**What you should do**
Could you print the listing again exactly, omitting the pictures?

**Data excerpt**
☆ ☆ ☆ ☆ ☆

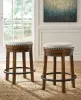 Ashley Furniture D546-124 Valebeck - UPH Swivel Stool  - Brown / Black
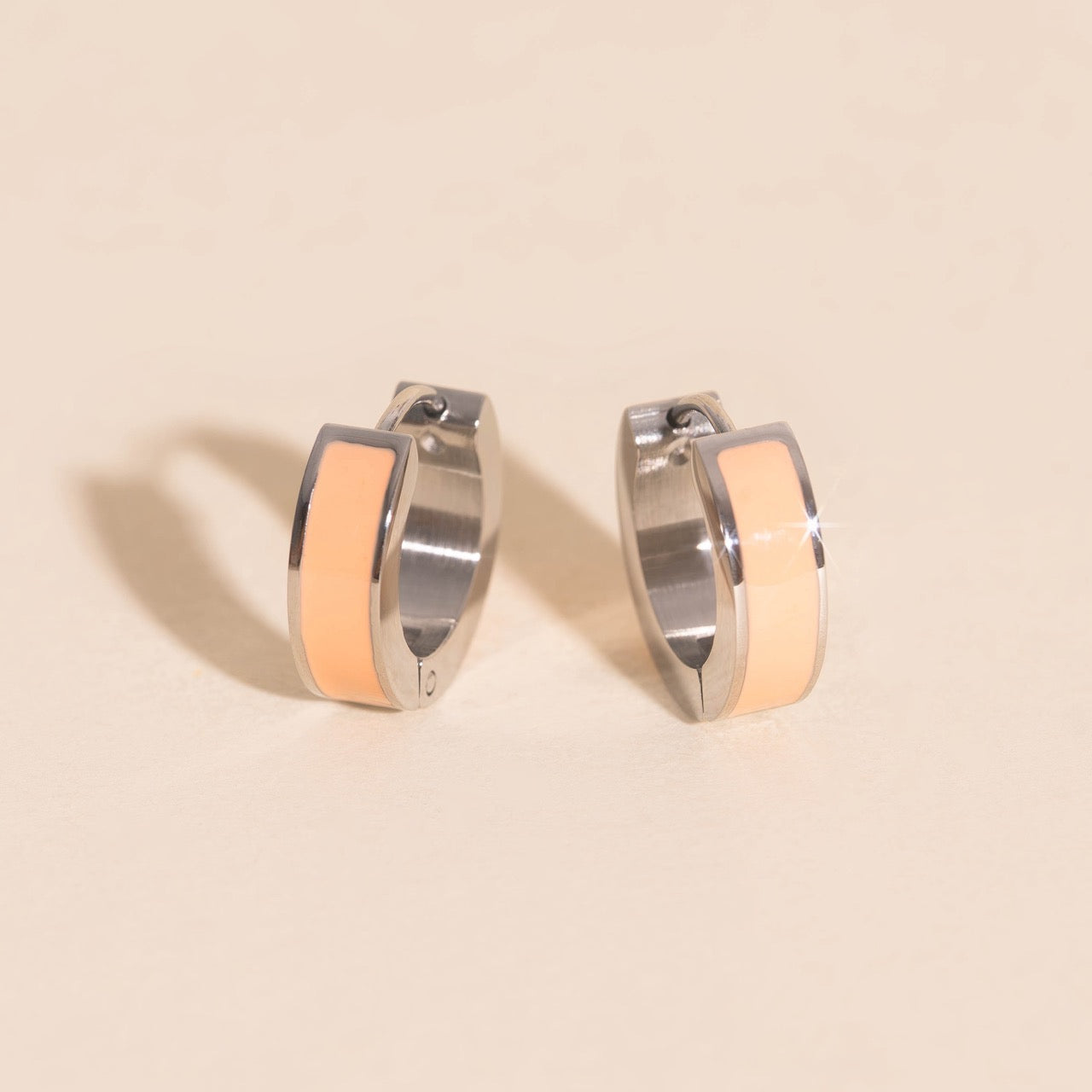 Color Chunky Huggie Hoop Earrings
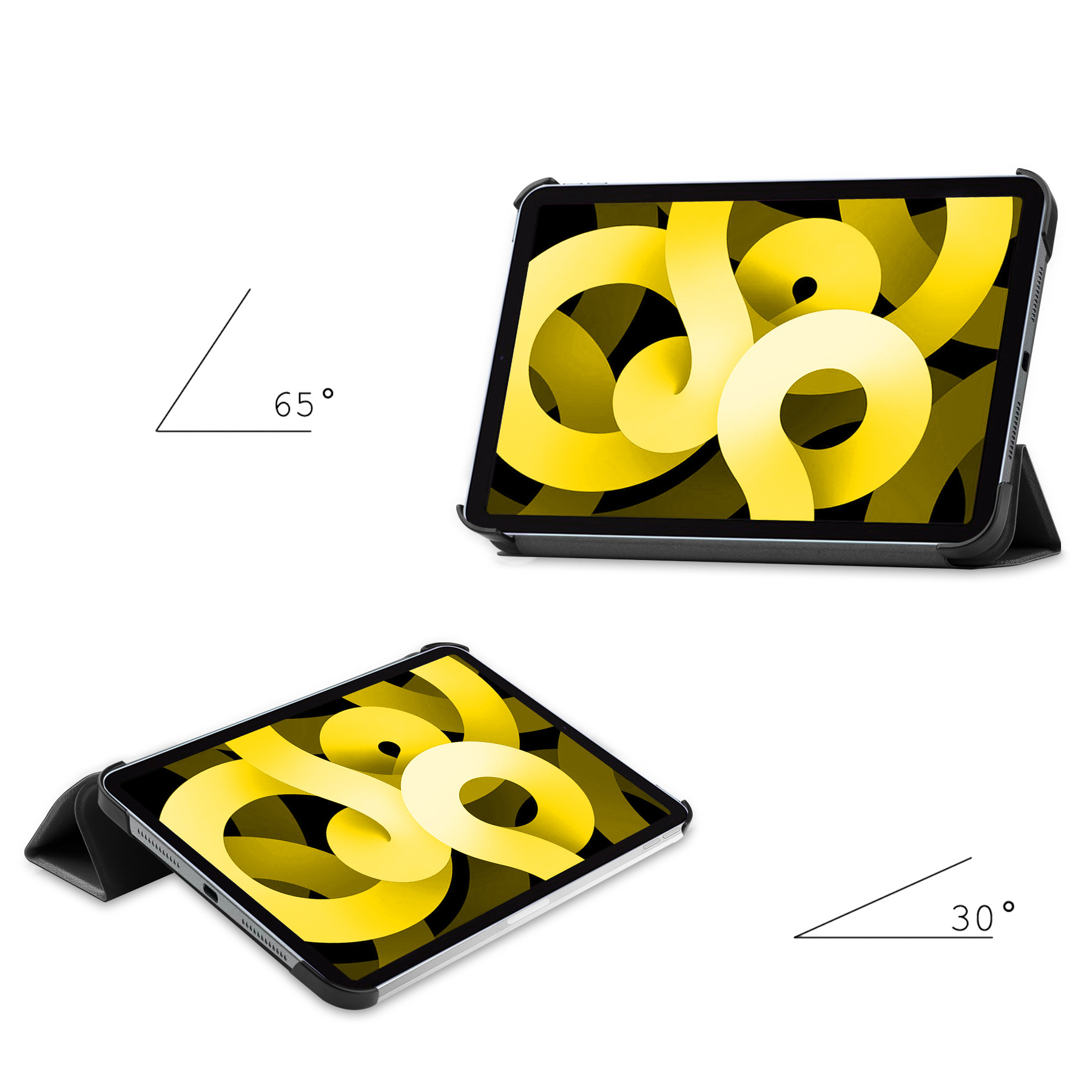NoXx Hoesje Geschikt voor iPad Air 2022 Hoesje Case Hard Cover Hoes Book Case Met Screenprotector - Zwart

☆ ☆ ☆ ☆ ☆

**Output for this task**
 Ashley Furniture D546-124 Valebeck - UPH Swivel Stool  - Brown / Black
 Color Chunky Huggie Hoop Earrings
NoXx Hoesje Geschikt voor iPad Air 2022 Hoesje Case Hard Cover Hoes Book Case Met Screenprotector - Zwart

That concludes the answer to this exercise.